_The problem_. Set down, please, exactly the lines below that run from the line with "BMW Seria 3 318i Sport Line sport - 30" to the line with "8248 NW 34th Dr, Doral, Florida", both lines included.

Task inputs below:

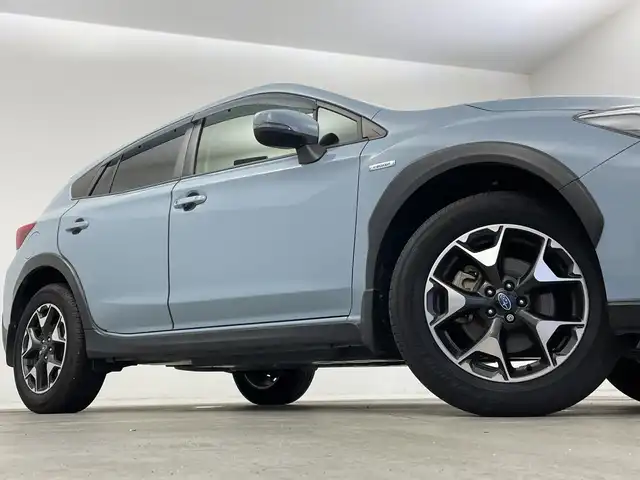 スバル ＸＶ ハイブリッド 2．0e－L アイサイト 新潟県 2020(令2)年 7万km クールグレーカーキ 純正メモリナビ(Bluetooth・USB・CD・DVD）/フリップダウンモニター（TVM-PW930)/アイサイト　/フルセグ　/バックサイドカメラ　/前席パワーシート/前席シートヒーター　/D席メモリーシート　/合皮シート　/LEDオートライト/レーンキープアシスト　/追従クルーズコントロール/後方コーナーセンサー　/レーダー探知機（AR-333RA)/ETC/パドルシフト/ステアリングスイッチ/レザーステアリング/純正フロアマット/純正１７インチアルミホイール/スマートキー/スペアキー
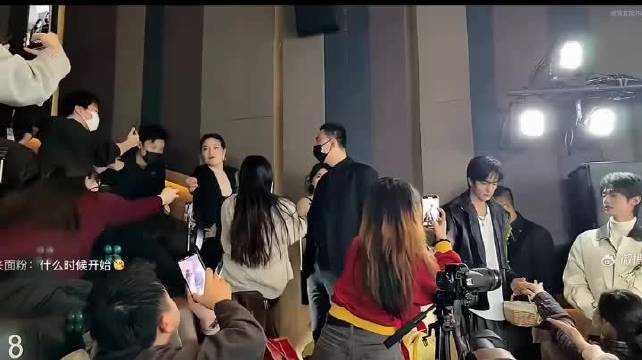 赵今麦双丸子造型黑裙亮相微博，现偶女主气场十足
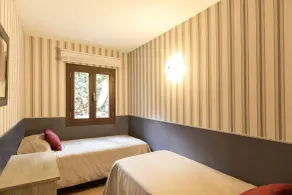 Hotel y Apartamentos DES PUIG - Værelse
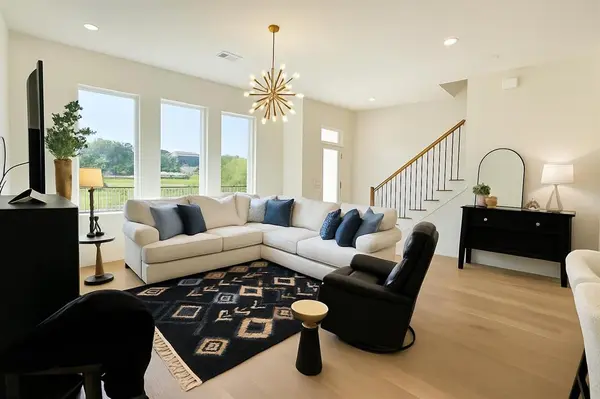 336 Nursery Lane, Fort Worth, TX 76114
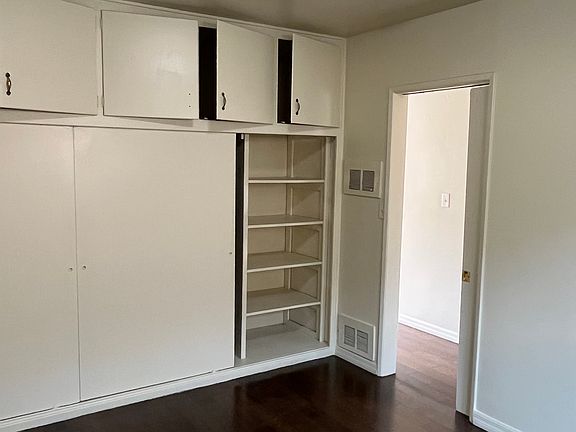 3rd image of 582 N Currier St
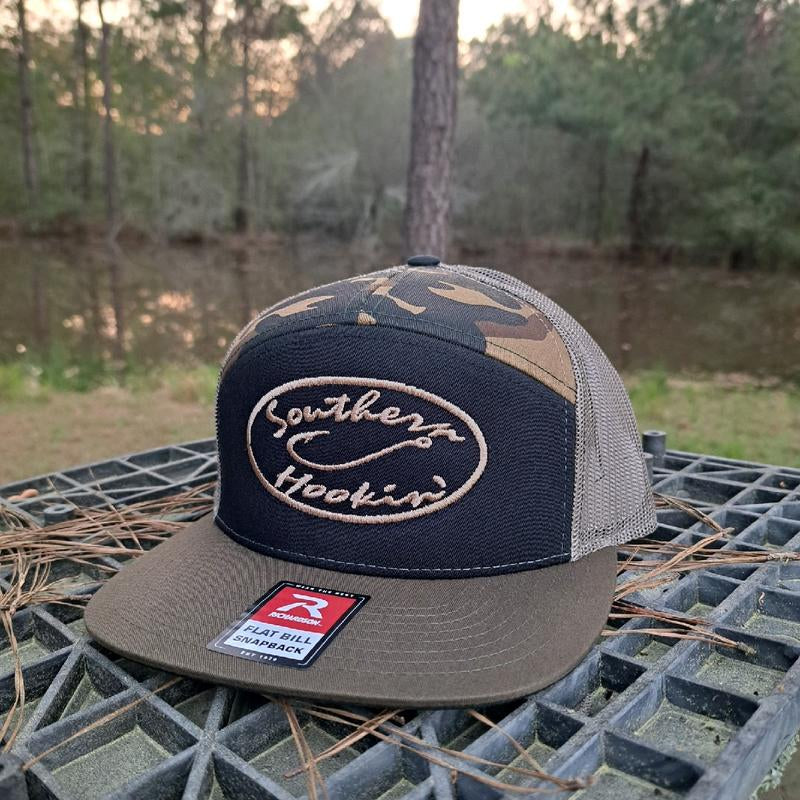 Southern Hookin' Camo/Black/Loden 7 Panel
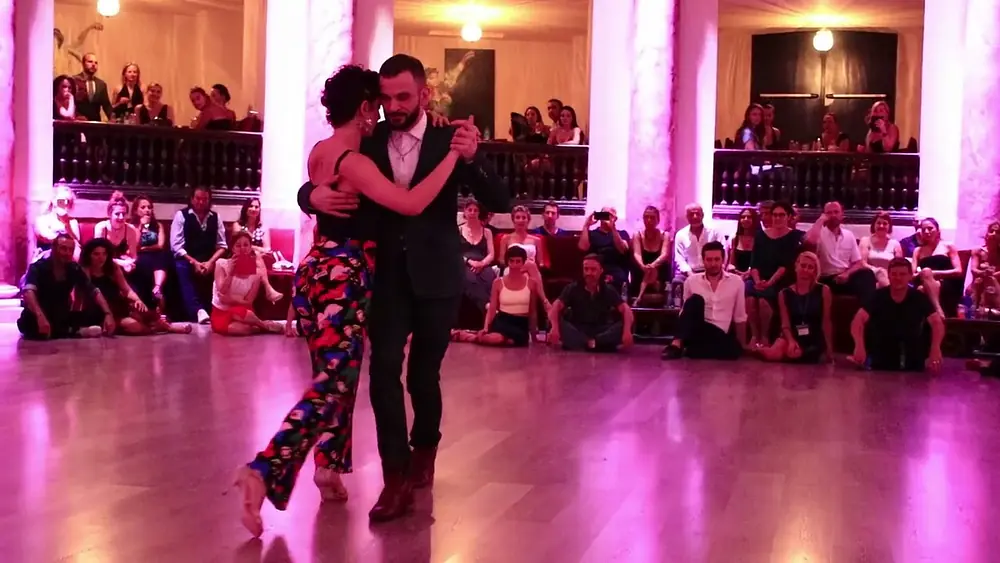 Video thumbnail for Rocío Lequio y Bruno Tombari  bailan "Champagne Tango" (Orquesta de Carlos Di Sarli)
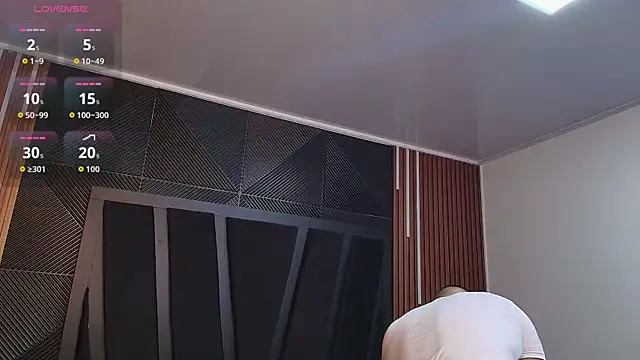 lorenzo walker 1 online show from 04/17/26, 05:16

End of Task inputs.
Task inputs below:

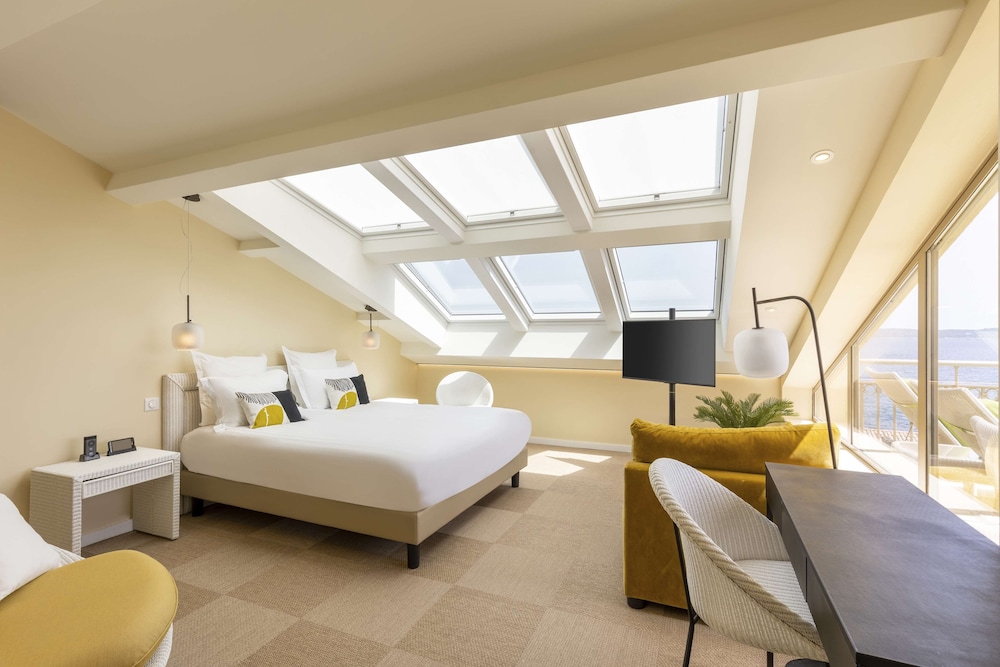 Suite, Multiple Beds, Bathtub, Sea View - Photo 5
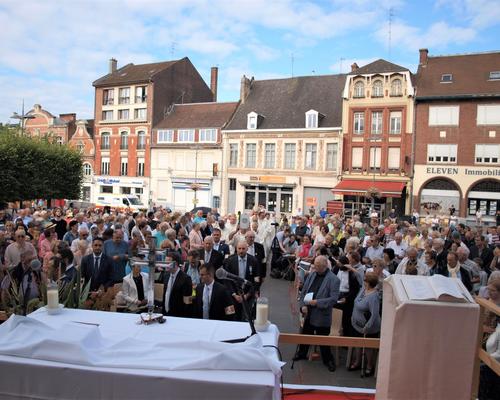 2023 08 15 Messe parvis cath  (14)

End of Task inputs.
Task inputs below:

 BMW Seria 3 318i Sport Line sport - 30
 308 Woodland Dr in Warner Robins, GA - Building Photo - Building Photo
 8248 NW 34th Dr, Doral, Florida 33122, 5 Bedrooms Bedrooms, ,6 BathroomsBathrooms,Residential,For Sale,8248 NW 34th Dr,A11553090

End of Task inputs.

_Response to this task_.
 BMW Seria 3 318i Sport Line sport - 30
 308 Woodland Dr in Warner Robins, GA - Building Photo - Building Photo
 8248 NW 34th Dr, Doral, Florida 33122, 5 Bedrooms Bedrooms, ,6 BathroomsBathrooms,Residential,For Sale,8248 NW 34th Dr,A11553090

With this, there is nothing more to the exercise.